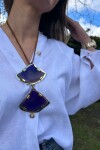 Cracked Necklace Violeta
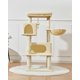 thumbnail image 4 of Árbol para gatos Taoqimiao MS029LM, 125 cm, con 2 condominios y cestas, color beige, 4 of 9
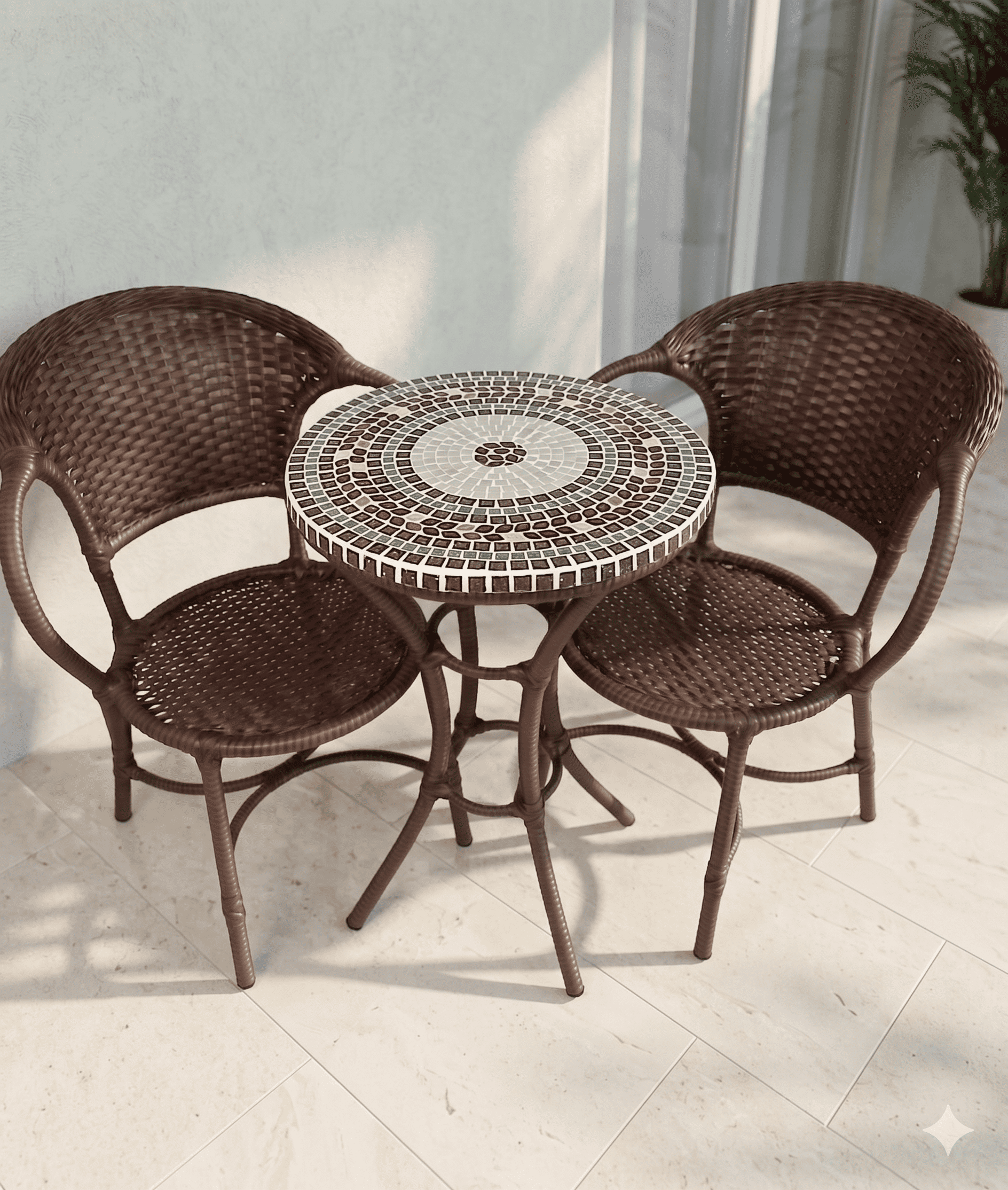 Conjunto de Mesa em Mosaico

——

▸ What is being asked
Set down exactly, from the line that contains "thumbnail image 4" through the last line of the data, each line as it stands, and leave the pictures out.

▸ Final answer
 thumbnail image 4 of Árbol para gatos Taoqimiao MS029LM, 125 cm, con 2 condominios y cestas, color beige, 4 of 9
 Conjunto de Mesa em Mosaico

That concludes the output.